* COLLECTED MATERIAL:
^^^^^^^^
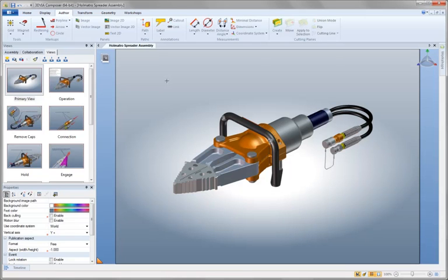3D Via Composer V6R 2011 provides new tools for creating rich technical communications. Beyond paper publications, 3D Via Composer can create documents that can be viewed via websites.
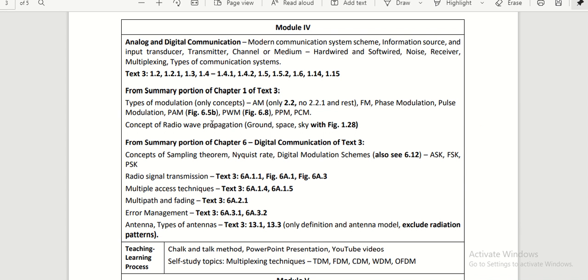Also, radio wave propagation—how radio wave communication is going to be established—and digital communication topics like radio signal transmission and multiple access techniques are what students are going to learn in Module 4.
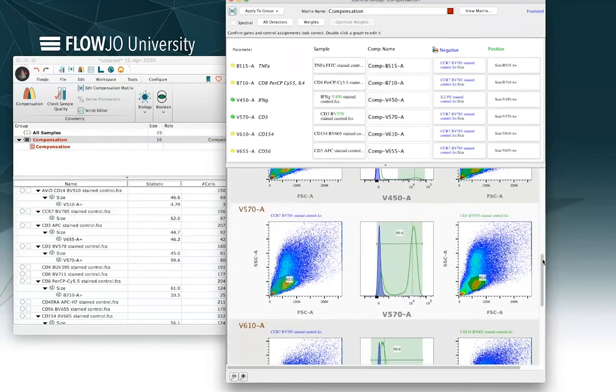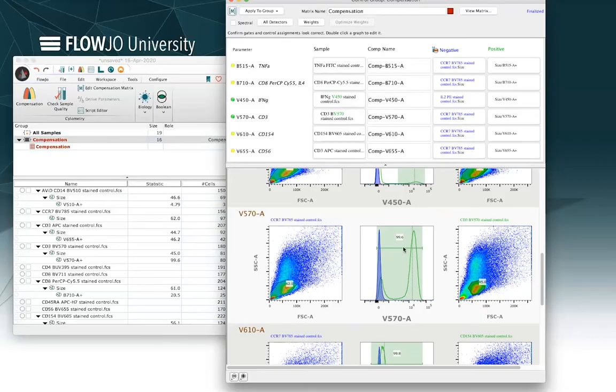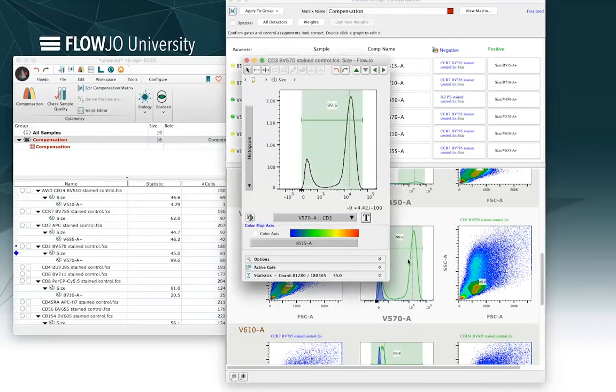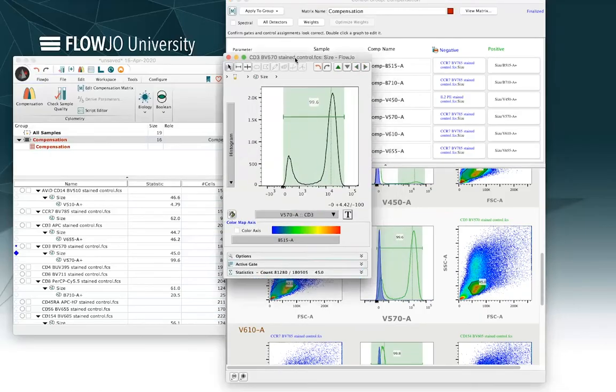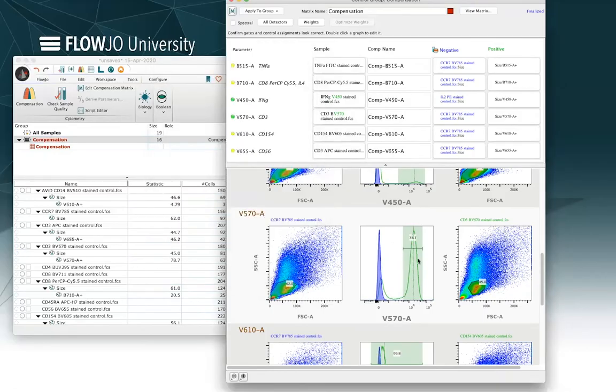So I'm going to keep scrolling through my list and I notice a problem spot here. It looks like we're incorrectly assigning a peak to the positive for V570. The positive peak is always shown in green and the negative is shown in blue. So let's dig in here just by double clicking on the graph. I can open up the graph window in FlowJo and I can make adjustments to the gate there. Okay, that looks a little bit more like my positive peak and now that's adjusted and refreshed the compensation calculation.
^^^^^^^^
Please return the lines above exactly, with the pictures omitted.

3D Via Composer V6R 2011 provides new tools for creating rich technical communications. Beyond paper publications, 3D Via Composer can create documents that can be viewed via websites.
Also, radio wave propagation—how radio wave communication is going to be established—and digital communication topics like radio signal transmission and multiple access techniques are what students are going to learn in Module 4.
So I'm going to keep scrolling through my list and I notice a problem spot here. It looks like we're incorrectly assigning a peak to the positive for V570. The positive peak is always shown in green and the negative is shown in blue. So let's dig in here just by double clicking on the graph. I can open up the graph window in FlowJo and I can make adjustments to the gate there. Okay, that looks a little bit more like my positive peak and now that's adjusted and refreshed the compensation calculation.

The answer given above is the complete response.